● **Aim of the task**: Transcribe, word for word and without additions, each line below from the one containing "Curvy Couture Sheer" through the one containing "Impact Grade Socket", both ends included.

● **Exercise data**:
....................

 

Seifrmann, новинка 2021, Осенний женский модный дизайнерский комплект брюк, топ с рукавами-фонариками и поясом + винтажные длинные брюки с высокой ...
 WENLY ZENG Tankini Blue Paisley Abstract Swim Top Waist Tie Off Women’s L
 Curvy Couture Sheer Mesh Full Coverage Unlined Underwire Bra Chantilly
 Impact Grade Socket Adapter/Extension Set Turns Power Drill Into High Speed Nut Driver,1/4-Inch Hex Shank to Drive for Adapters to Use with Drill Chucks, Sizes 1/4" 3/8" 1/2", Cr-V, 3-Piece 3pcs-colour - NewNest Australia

....................

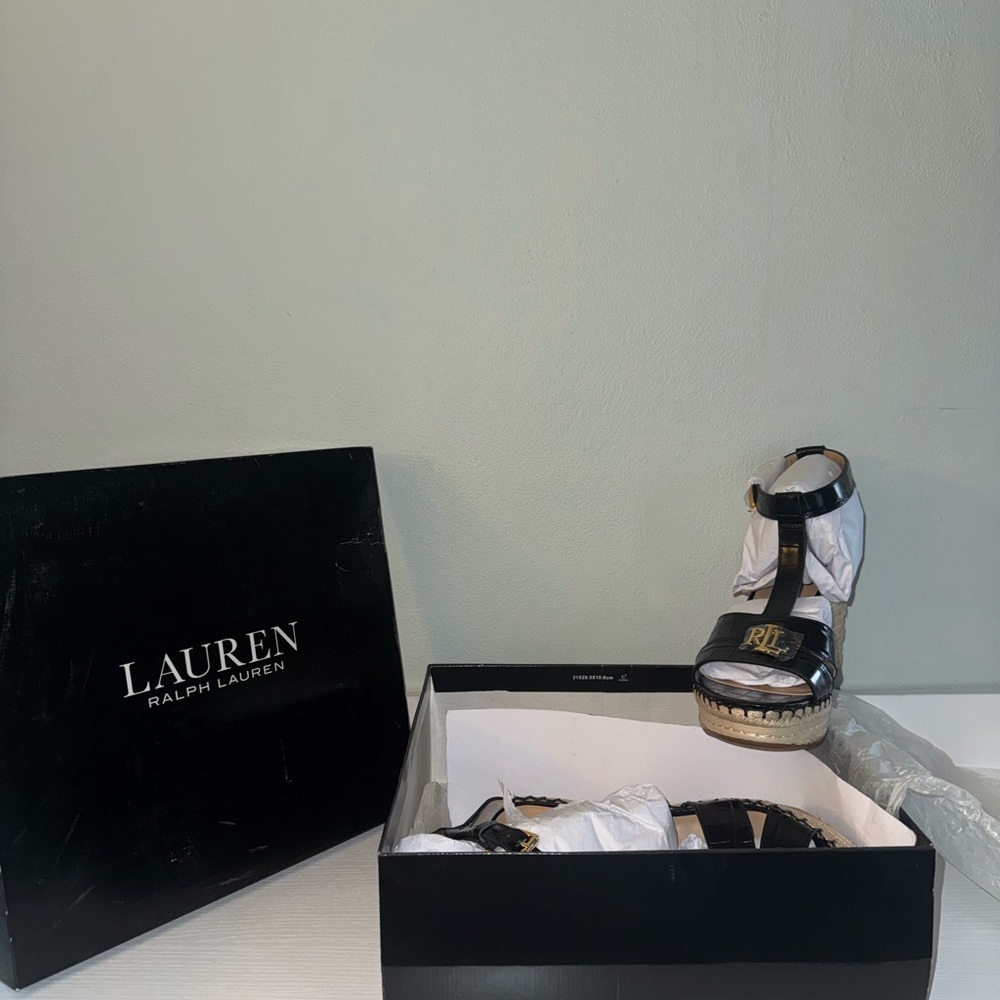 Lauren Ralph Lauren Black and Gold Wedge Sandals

....................

● **Expected answer**:
 Curvy Couture Sheer Mesh Full Coverage Unlined Underwire Bra Chantilly
 Impact Grade Socket Adapter/Extension Set Turns Power Drill Into High Speed Nut Driver,1/4-Inch Hex Shank to Drive for Adapters to Use with Drill Chucks, Sizes 1/4" 3/8" 1/2", Cr-V, 3-Piece 3pcs-colour - NewNest Australia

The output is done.